The classic Ewing 33 HI ($120) will return in OG White/Royal/Orange—the colorway that Patrick Ewing rocked back in ’89 through ’91—plus a new “Blackout” colorway of the 33 HI and a red sueded edition of the Ewing CONCEPT ($11). You can cop yours at Ewingathletics.com. Scroll through the photos above to see more detailed photos of the upcoming colorways.

And as long as we’re on the topic, you can read our feature on Ewing Athletics from KICKS 18 below:

Over the past few years, Ewing Athletics—the sneaker company of a certain legendary Knicks big man—has returned with a bang.

David Goldberg still remembers all the eyes staring at him, wondering what in the hell he was doing with a duffel bag full of shoes. Not the kind of thing you see very often during dinnertime in the lobby restaurant of the midtown Manhattan Four Seasons Hotel, but exactly the kind of token Goldberg thought was necessary to accomplish what he was there to do.

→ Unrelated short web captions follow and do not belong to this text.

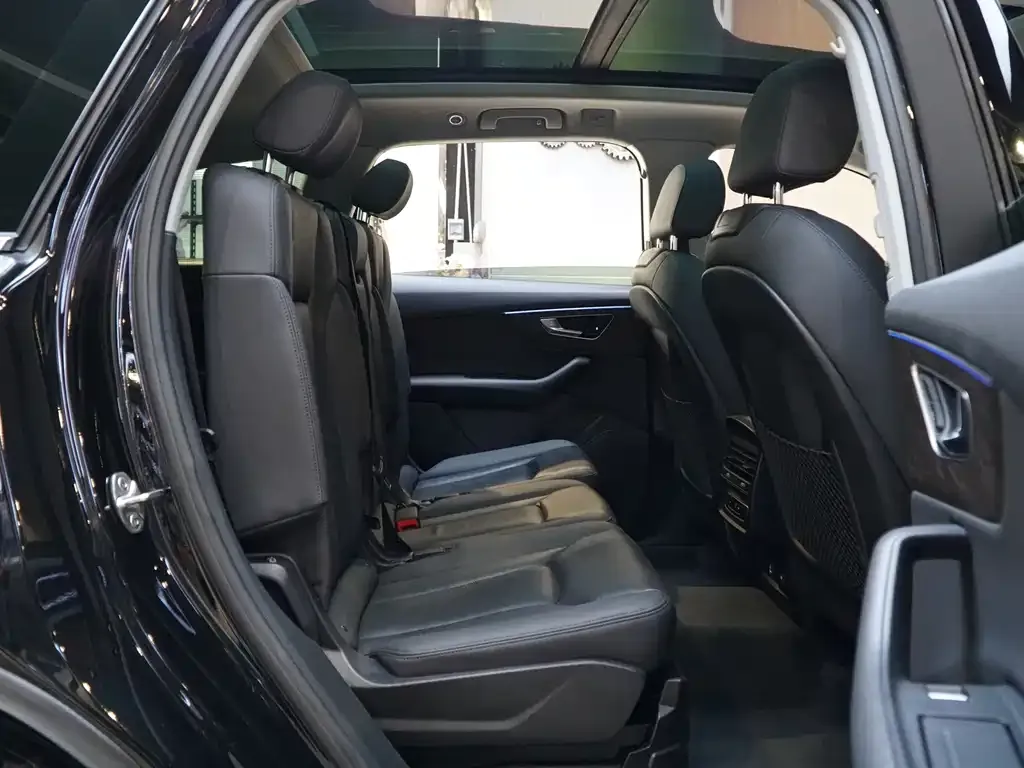 Audi Q7 2022 из CN, фото 3
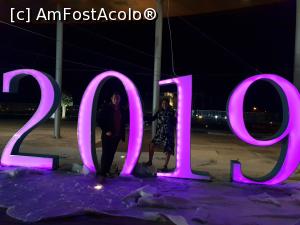 [P38] Revelion în piața centrală ...eram doar noi și trei americani care ne întrebau unde-i party-ul » foto by cristian pinte
 - 
<span class="allrVoted glyphicon glyphicon-heart hidden" id="av1203486"></span>
<a class="m-l-10 hidden" id="sv1203486" onclick="voting_Foto_DelVot(,1203486,13279)" role="button">șterge vot <span class="glyphicon glyphicon-remove"></span></a>
<a id="v91203486" class=" c-red"  onclick="voting_Foto_SetVot(1203486)" role="button"><span class="glyphicon glyphicon-heart-empty"></span> <b>LIKE</b> = Votează poza</a> <img class="hidden"  id="f1203486W9" src="/imagini/loader.gif" border="0" /><span class="AjErrMes hidden" id="e1203486ErM"></span>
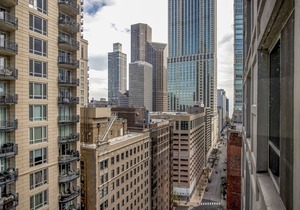 Ideal Gold Coast 1BR w/Gym & Lounge, 1 block to L, by Blueground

After all, for years Patrick Ewing had been resisting overtures to re-launch Ewing Athletics. The brand that he created in the early ’90s (becoming the first athlete to do so; Air Jordans were still a part of Nike back then), and which at one point was netting around $100 million a year in gross revenue before it was shut down in 1996, had morphed into a sort of dream project for myriad sneaker executives around the country. Everyone wanted a shot at the gold mine.

But Ewing and his agent, David Falk, kept saying no. The two were unhappy with how things went down the first time around. Ewing uses the word “shady” when talking about it. He and Falk were timid about giving the brand a second go.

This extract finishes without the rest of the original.